Recorded data
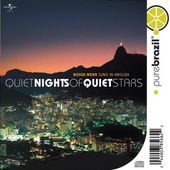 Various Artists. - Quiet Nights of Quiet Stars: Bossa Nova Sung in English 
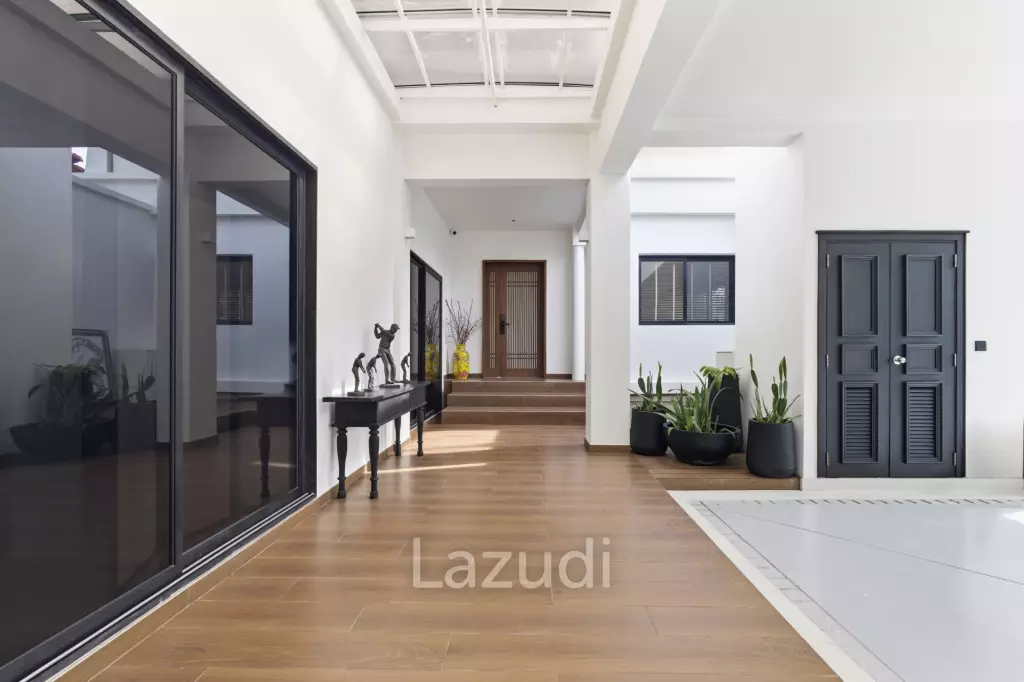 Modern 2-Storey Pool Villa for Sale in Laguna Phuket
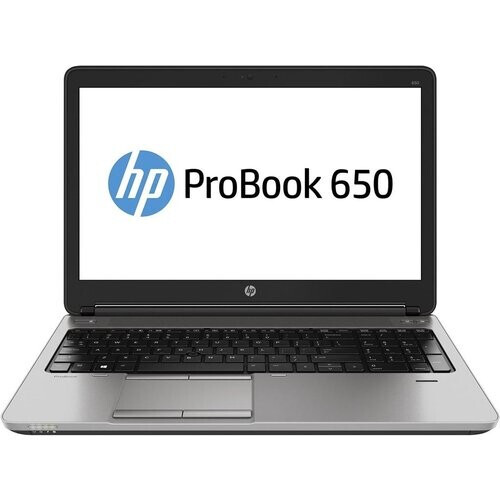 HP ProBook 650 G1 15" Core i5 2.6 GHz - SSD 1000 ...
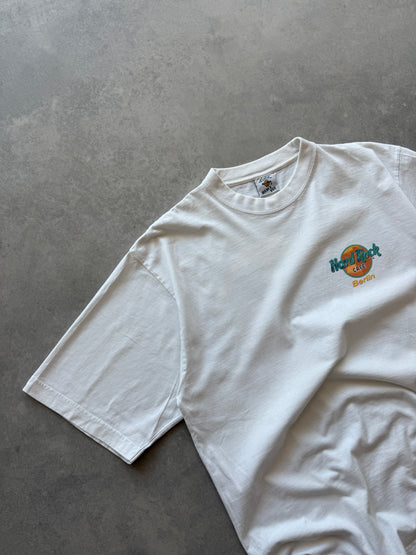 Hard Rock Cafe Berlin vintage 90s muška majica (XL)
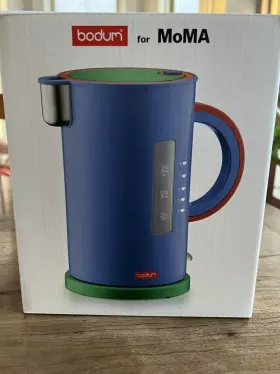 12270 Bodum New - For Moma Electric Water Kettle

**Exercise prompt:**
Write every record out again exactly; no pictures belong in the copy.

**Solution to the problem:**
 Various Artists. - Quiet Nights of Quiet Stars: Bossa Nova Sung in English 
 Modern 2-Storey Pool Villa for Sale in Laguna Phuket
 HP ProBook 650 G1 15" Core i5 2.6 GHz - SSD 1000 ...
 Hard Rock Cafe Berlin vintage 90s muška majica (XL)
 12270 Bodum New - For Moma Electric Water Kettle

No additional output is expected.